Among the many serendipitous aspects of the Osama bin Laden operation is that the founder of Al Qaeda was true to his boast not to be taken alive. He apparently offered resistance to SEAL Team Six and wound up with a bullet—or perhaps multiple bullets—in the head.

Imagine if he had been taken alive. What a circus would have ensued.  Where would he have been held? What techniques would have permitted for his interrogation? How would he have been tried? Those questions would have consumed public debate for months.

President Obama has backtracked on his intent to close the Guantanamo detention center and to end the military tribunals for captured terrorists. Both are still in operation, with Attorney General Eric Holder announcing recently that Khalid Sheik Muhammed and other 9/11 conspirators would face a military tribunal, not a civilian court. Presumably the same precedent could have been applied to bin Laden but whether tried by a military or civilian court his proceedings would have been the mother of all media circuses. In custody he also would have been a rallying cry for jihadists who undoubtedly would have carried out atrocities to try to blackmail us into releasing him.

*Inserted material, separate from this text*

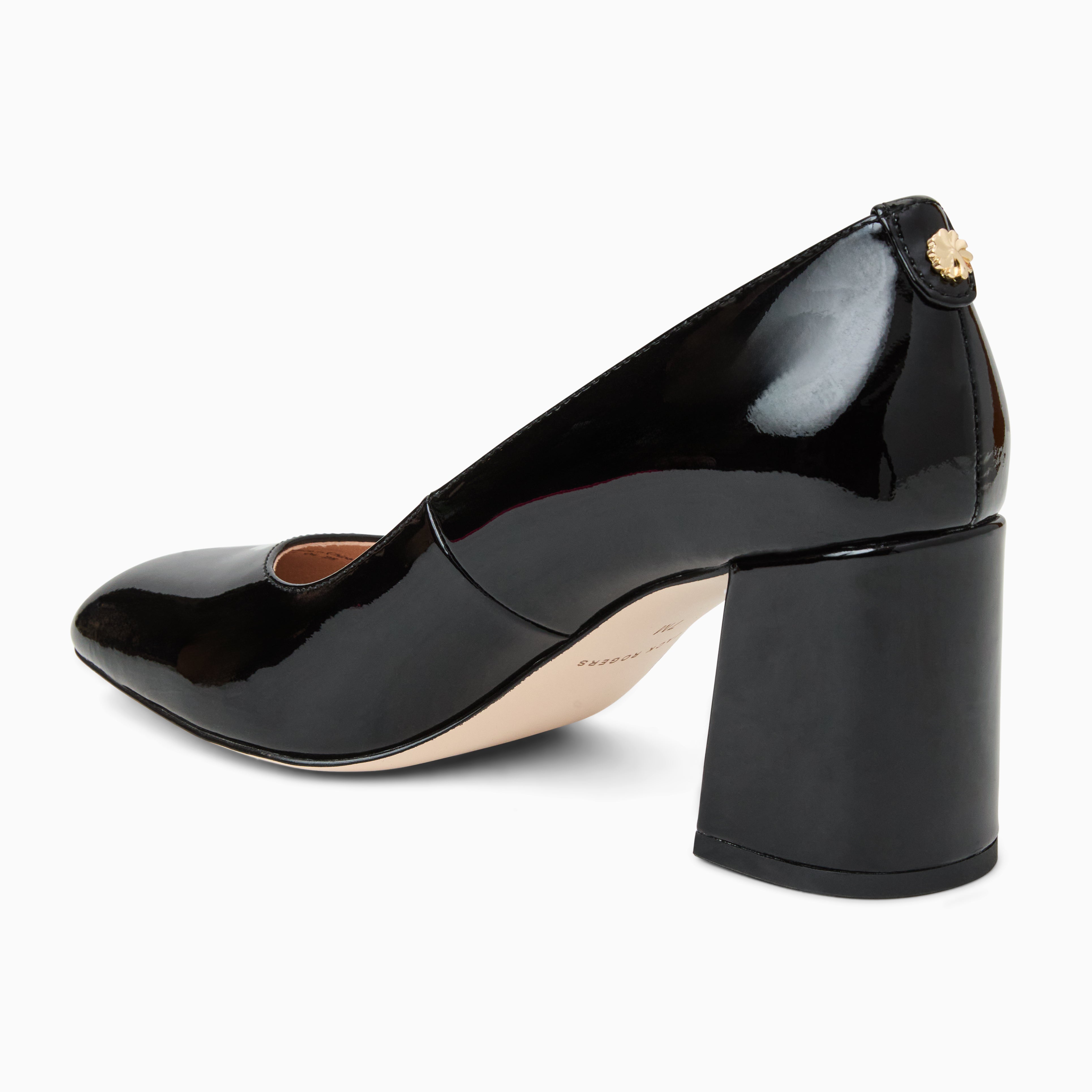 Jack Rogers Lenora Pump in Black Patent Leather – Classic Chunky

His fast death is not all to the good. It does make it impossible to interrogate him, thus depriving us of possibly critical intelligence. But by most accounts bin Laden had become increasingly divorced from daily Al Qaeda operations; his compound did not even have telephone or Internet connections. Moreover his interrogation would surely have reopened the difficult debate over the use of coercive techniques—a debate that may reopen in any case because of news that some of the information which led to his location was obtained in secret CIA facilities using harsh methods.

All things considered, it is just as well that he now rests in a watery unmarked grave.